Many other antipathies persist despite the original differences between the two clubs being heavily eroded by social changes over the course of time.
For example, arguably the world’s most bitter and unforgiving relationship between two sporting clubs is the ongoing seething hatred that exists between Liverpool and Manchester United, which relentlessly crosses the border from rational dislike of a rival into non-stop mutual ill-feeling.
Originally, there were clear reasons for distrust and enmity between fans of the two clubs, who are separated by a distance of just 27 miles in the north-west of England.
Both cities grew rapidly during the early days of the Industrial Revolution in the 1700s, with Liverpool fuelled by its docks and transport links while Manchester quickly became the world’s largest producer of cotton.
There was also a sudden and enormous influx of outsiders to swell the populations, with Liverpool attracting tens of thousands of immigrants from Ireland, and Manchester’s growth acting as a magnet for workers from other parts of the UK.
So although the modern guises of both cities – fully formed by the time their respective football teams were founded – were effectively creations of the Industrial Revolution and were therefore similarly dominated by the downtrodden blue-collar working-classes, they were also essentially different: crudely put, Liverpool was the city of Irish dockers, while Manchester was the home of British millers.
Nowadays, however, those past identities have effectively vanished: the “dark satanic mills” have disappeared from Manchester, and Liverpool’s docks are chiefly a tourist curiosity or the setting for new waterfront apartment complexes.
I suspect it’s similar in Athens and Piraeus, with the structures of modern post-Industrial society largely eliminating the former inherent differences between aristocratic city centres and working class suburbs.
Nowadays, indeed, perhaps the ‘rivalry’ that most reflects our everyday lives is the one between China and Bangladesh, with the former manufacturing our electric goods while the latter supplies our clothing.
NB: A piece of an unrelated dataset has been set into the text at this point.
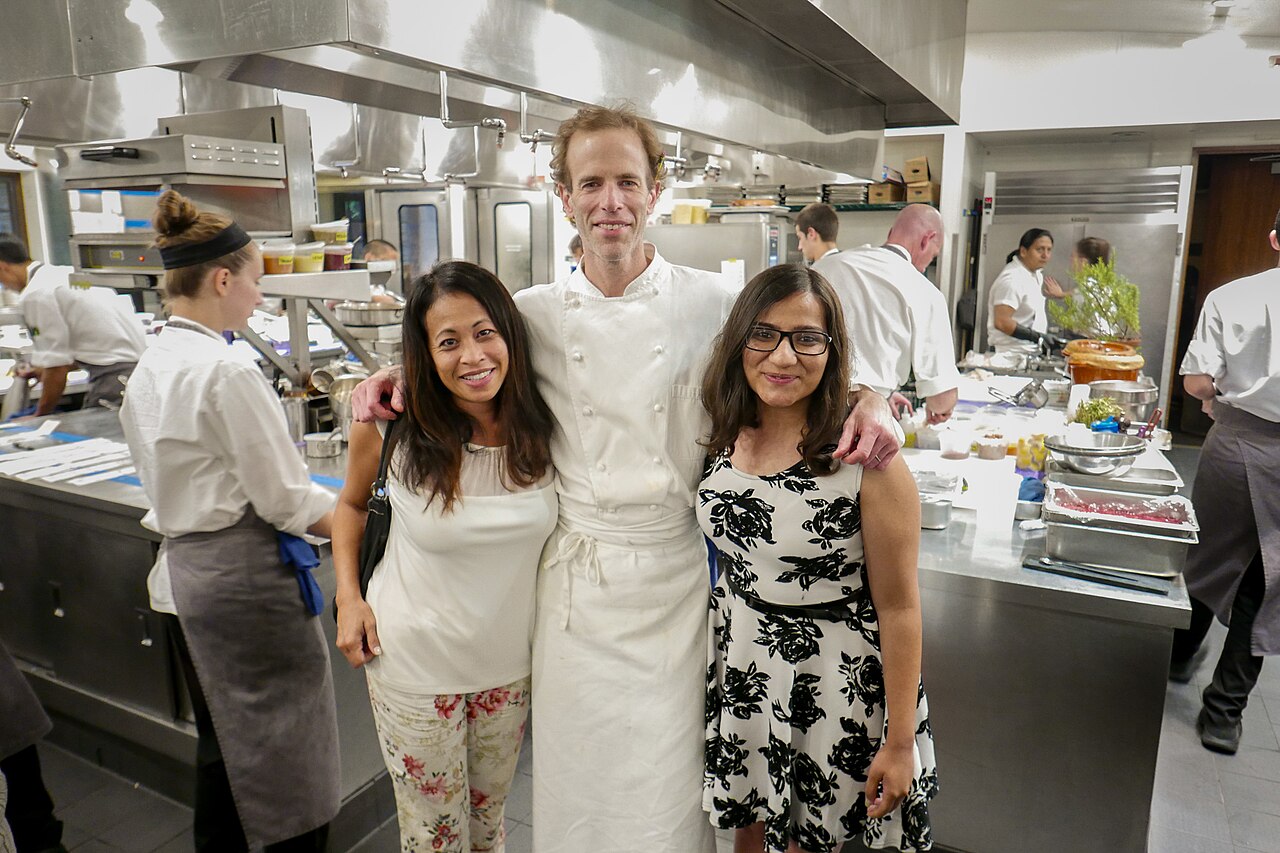Chef Dan Barber standing indoors at Blue Hill at Stone Barns in 2017.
However much the basis for our sporting rivalries might have been eliminated, though, the antagonisms remain. Ask a Manchester United fan why he hates Liverpool even though they haven’t won the Premier League for more than 20 years, and he’ll probably mutter something about “dirty scousers” without being able to provide a more meaningful response – and he almost certainly won’t give you a discourse about the historic rivalry between millers and dockers.
And that’s because traditional sporting rivalries have now taken on a life of their own. Relationships have mutated into something entirely different from their original meanings, leaving the founding factors behind and developing into a new, irrational, barely understood yet still passionately felt phenomenon.
But ultimately, it’s all the same thing: a question of identity. Liverpool and Manchester United; Panathinaikos and Olympiacos; River Plate and Boca Juniors; Tottenham and Arsenal…there’s now no real reason for fans of these clubs to hate each other.
But they still do, for the same reasons as their ancestors: fans identify with their chosen teams, see themselves and their communities represented within them, and regard any threat to their team as a threat to their own self-worth – especially when that challenge comes from the other side of the fence, which could so easily be their own side of the fence in ever so slightly different circumstances.
For that reason, people who really should like each other will continue to despise each other; and for that reason, anyone who dismisses professional sport as “only a game” is completely missing the point.
*This is the personal opinion of the columnist.